Task instructions: What you return must match the records word for word, except that images are dropped.

--- Provided data Enclosed Below ---

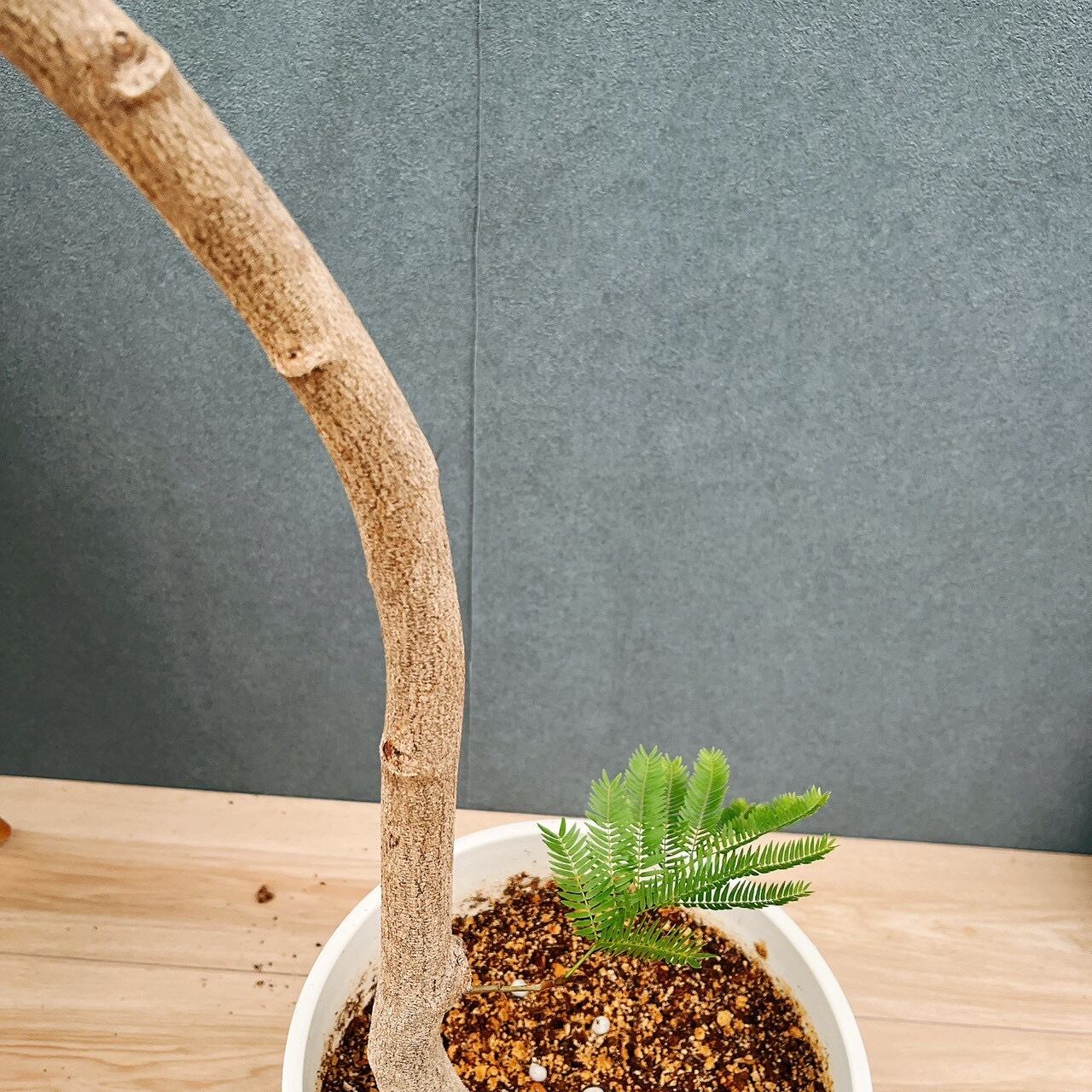 現品］5番 エバーフレッシュ 曲がり 8号 観葉植物 室内 大型 人気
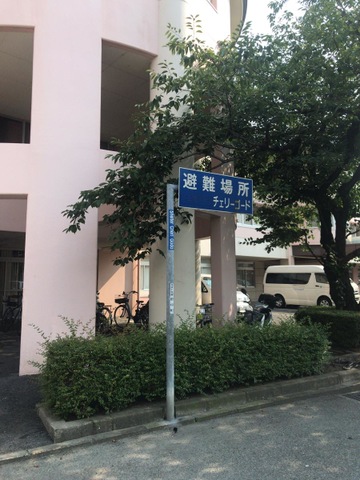 チェリーゴード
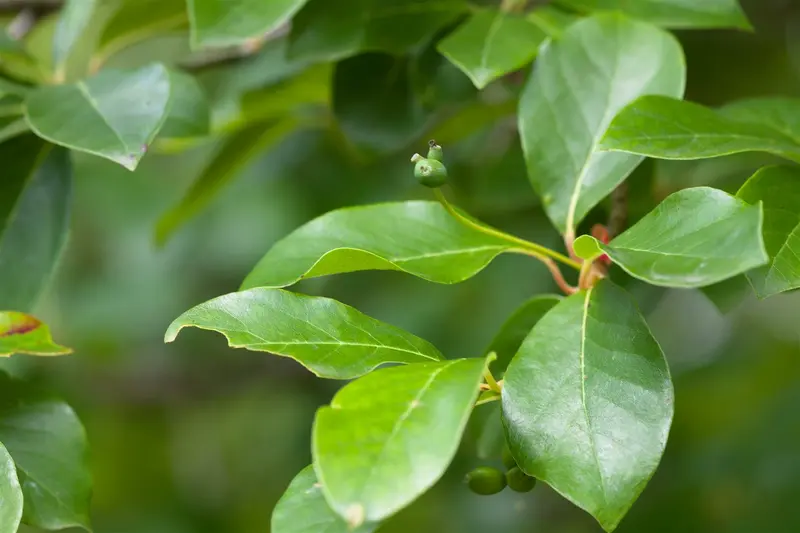 nyssa sylvatica (80-100 cm) - afbeelding 3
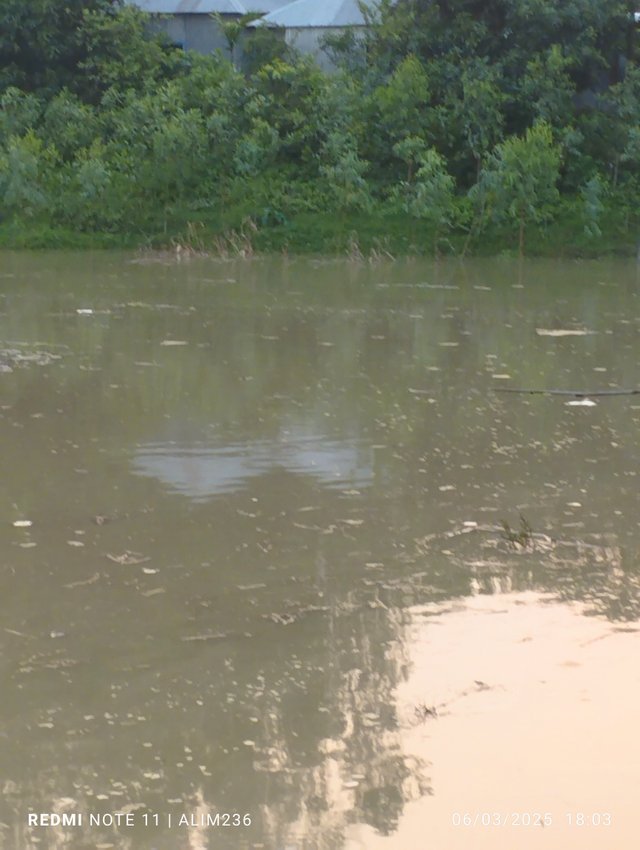 IMG_20250603_180318.jpg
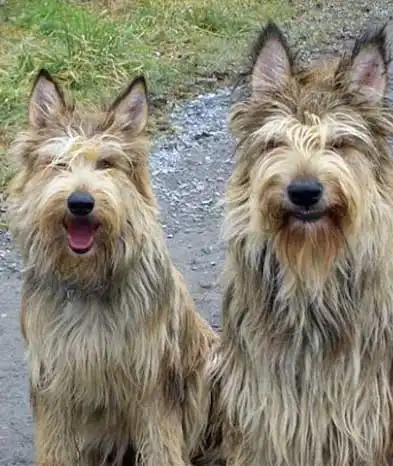 Breed Appearance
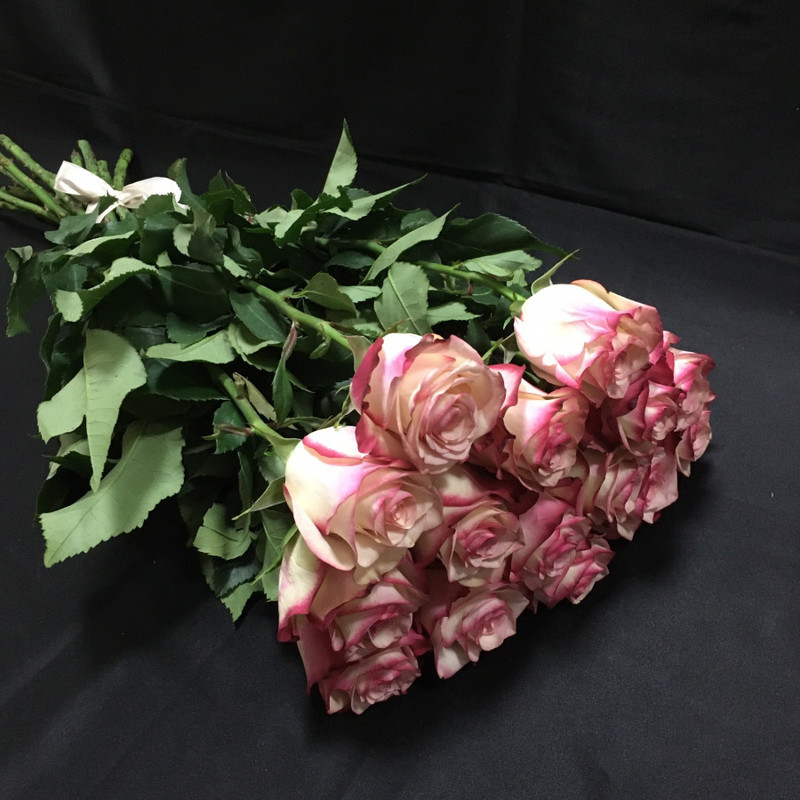 15 Розовых роз 70 см, стандартный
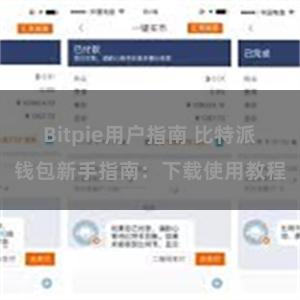 Bitpie用户指南 比特派钱包新手指南：下载使用教程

--- End of Enclosed Provided data ---

Response area:
 現品］5番 エバーフレッシュ 曲がり 8号 観葉植物 室内 大型 人気
 チェリーゴード
 nyssa sylvatica (80-100 cm) - afbeelding 3
 IMG_20250603_180318.jpg
 Breed Appearance
 15 Розовых роз 70 см, стандартный
 Bitpie用户指南 比特派钱包新手指南：下载使用教程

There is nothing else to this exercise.